Just to hear him out.

He pounded the steering wheel, which set off another round of throbbing in his iffy head.

Kaden’s dying.

He didn’t handle death well. Not his own grandparents or parents. And this was Kaden.

He started his car and pointed it toward Kaden’s house.

* * *

At the front gate, Seth punched in the code he knew by heart and drove in. The small, luxury-gated estate community was comprised of large, wooded lots of over five acres each. It was hard to believe there were fifty homes in the development. He’d built some of them, including Kaden’s. Kaden and Leah’s home sat far enough off the road you could barely make out the lights through the trees.

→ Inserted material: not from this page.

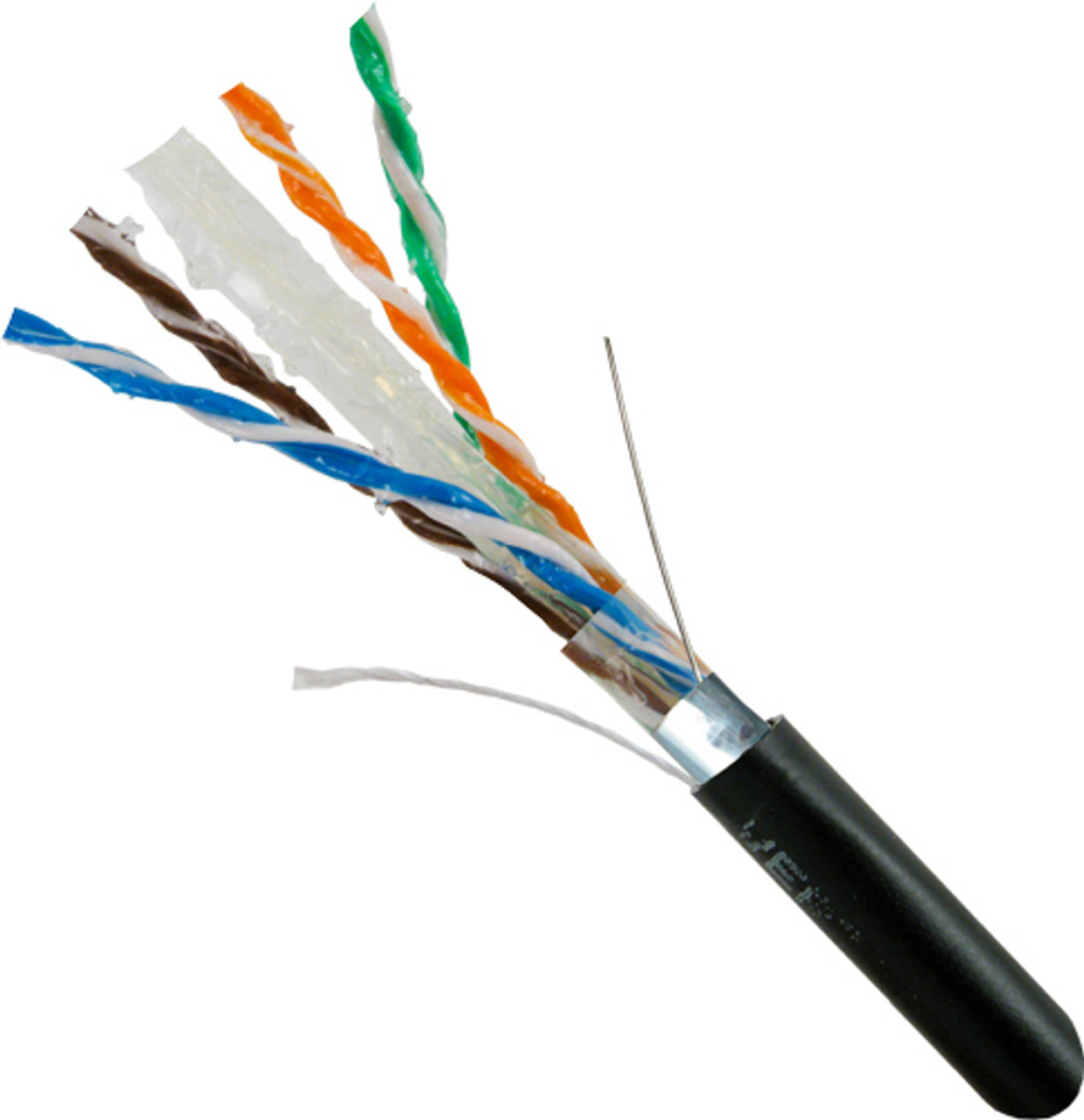 CAT6, CMXF, Direct Burial, Gel-Filled Core, LLDPE Jacket, 23 AWG, 8C, Solid Bare Copper, 1000 FT, Wooden Spool, Black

He parked his beat-up Mustang behind Leah’s Lexus sedan. Kaden’s new Ridgeline was parked to the side.

They’d never lorded their wealth over him. He’d never asked Kaden for money even though there were times Kaden hinted to him that if he needed a hand he’d help him out.

It was the last thing Seth wanted to do, ever, to bring money into their friendship. Even when Leah begged him to handle building their house he’d reduced the final price, not wanting to make a profit off his friends. Kaden had nailed him on that, too, asking why the cost was lower than the others he’d built and wanting to pay full price. Seth had refused to let him do that.

He’d managed to make it on his own and would keep figuring it out somehow. He’d asked Kaden for help with plenty of things over the years, but money was never one of them. And never would be.

The silence as he shut off the engine nearly deafened him and allowed the mental heartbeat to return.